*Try it*
Would you print, word for word, only the lines running from the line with "Pet fun. #husky" to the last line of the entries, without the pictures?

**** Task inputs ****

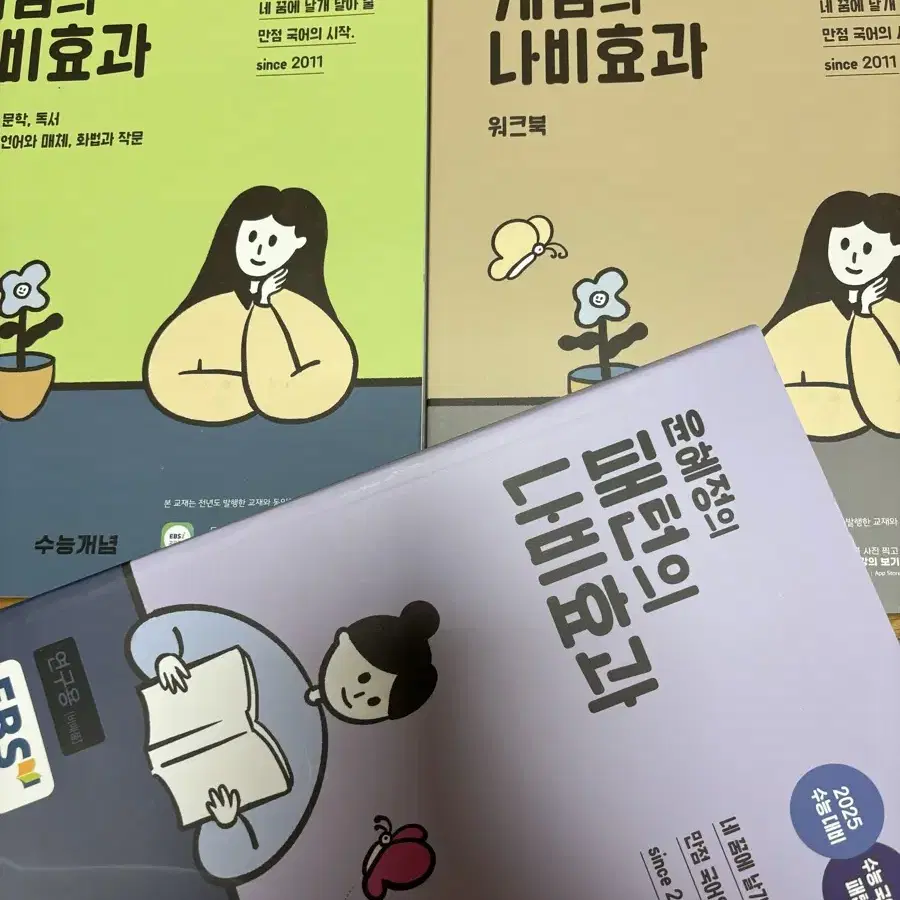 윤혜정의 개념의 나비효과 패턴의 나비효과 워크북 2025 수능 국어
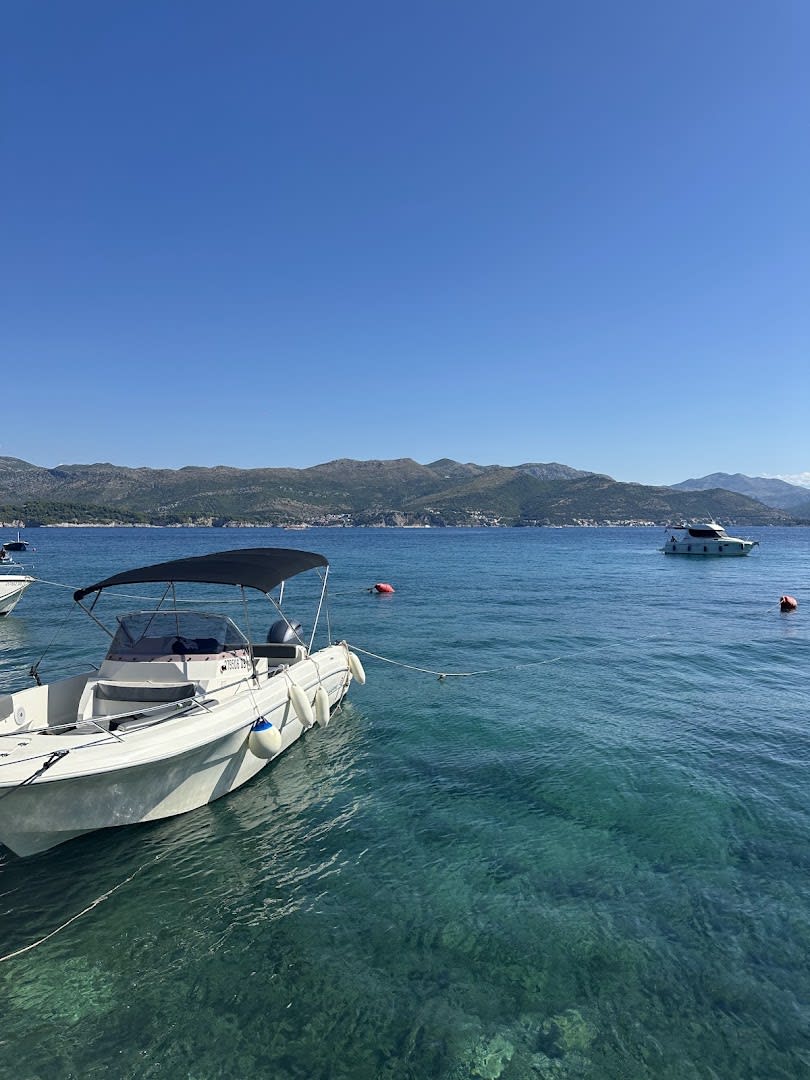 Sealife Speedboat Dubrovnik photo 4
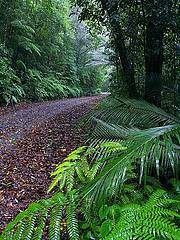 high altitude wet tropical wilderness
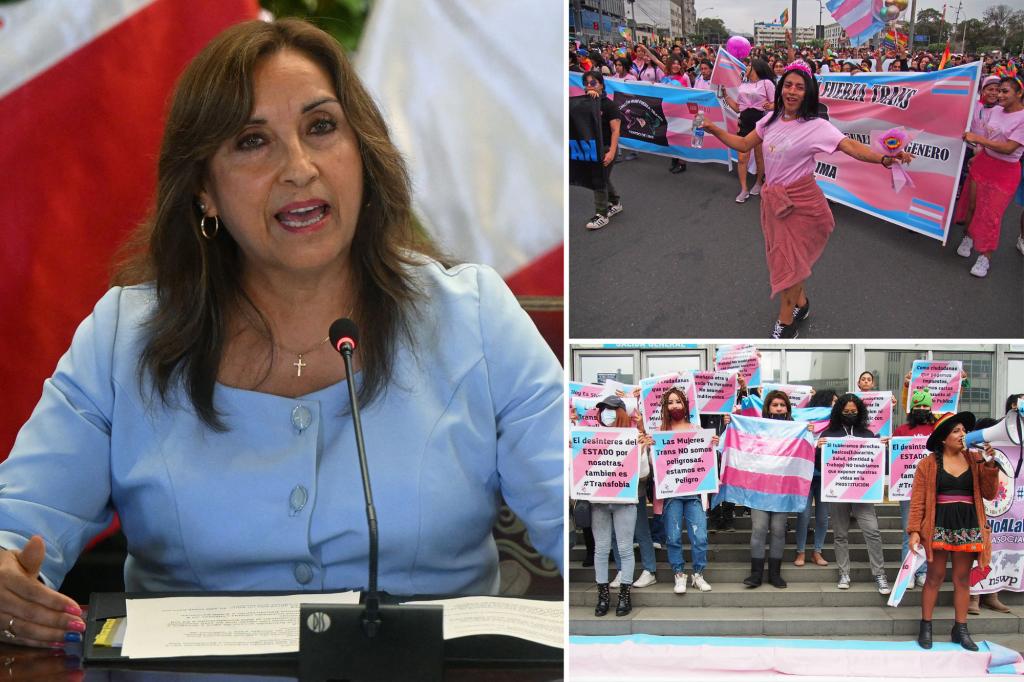 nypost's tweet image. Peru classifies trans, intersex people as ‘mentally ill’ trib.al/KkSVept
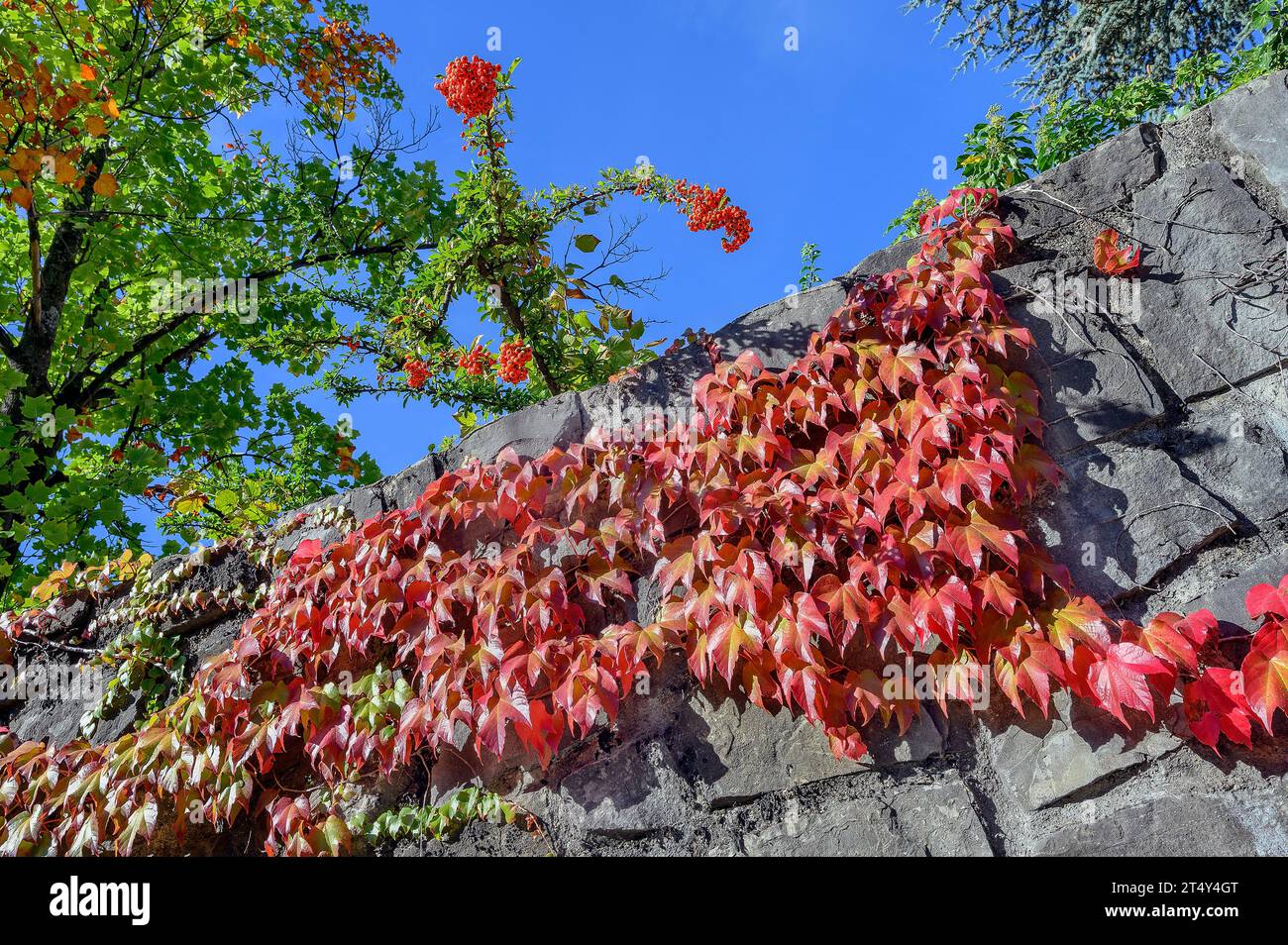 Stadtmauer mit Wildrebe, bostoner Efeu (Parthenocissus tricuspidata) und gemeiner Hackbeere (Sorbus aria s. str.), Kempten, Schwaben, Bayern, Deutschland Stockfoto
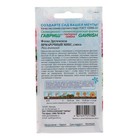 Семена цветов Флокс Друммонда "Ярмарочный микс" махровый, О, ц/п, 0,03 г - Фото 2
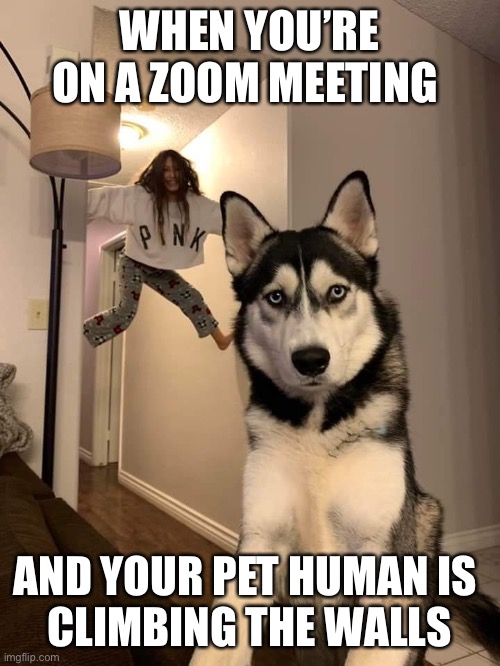 Pet fun. #husky | WHEN YOU’RE ON A ZOOM MEETING; AND YOUR PET HUMAN IS 
CLIMBING THE WALLS | image tagged in husky | made w/ Imgflip meme maker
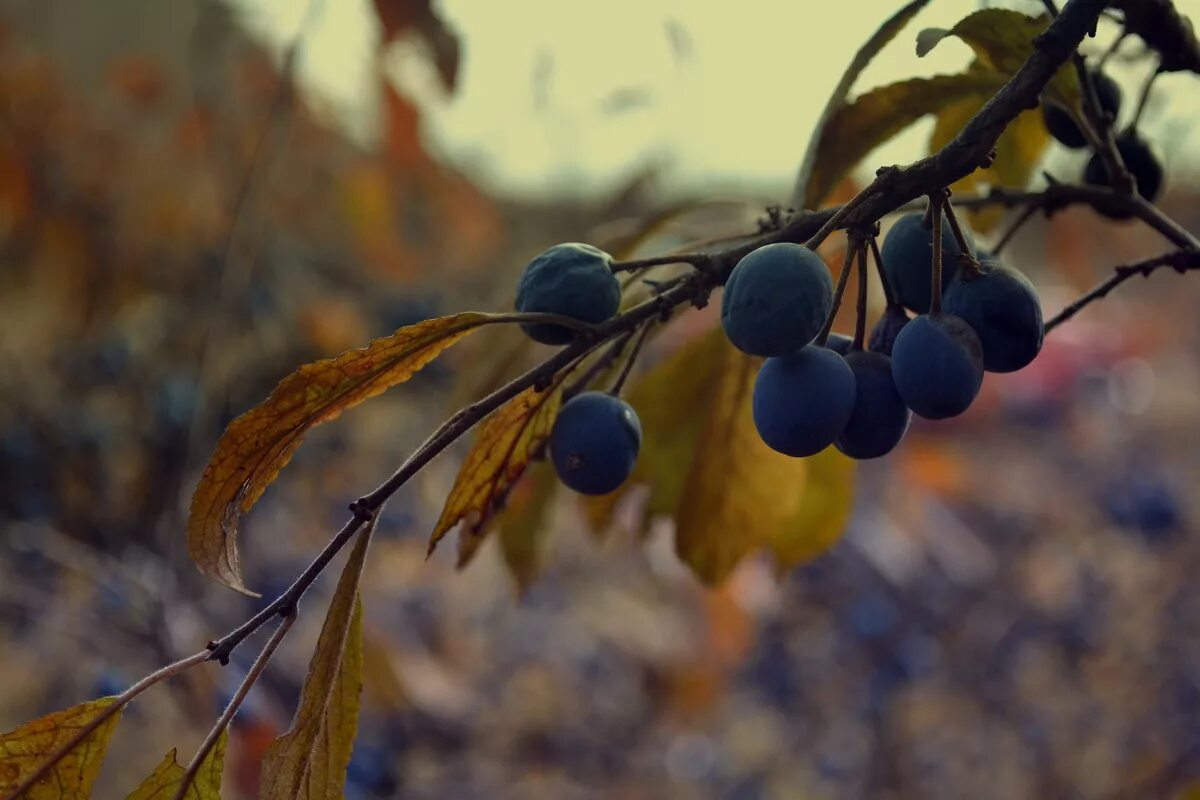 Рубин терновник. Тернослива тагил. Тернослива дерево. Терновник смысл. Тёрн ягода дерево.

****

*Output of the task*
 Pet fun. #husky | WHEN YOU’RE ON A ZOOM MEETING; AND YOUR PET HUMAN IS 
CLIMBING THE WALLS | image tagged in husky | made w/ Imgflip meme maker
 Рубин терновник. Тернослива тагил. Тернослива дерево. Терновник смысл. Тёрн ягода дерево.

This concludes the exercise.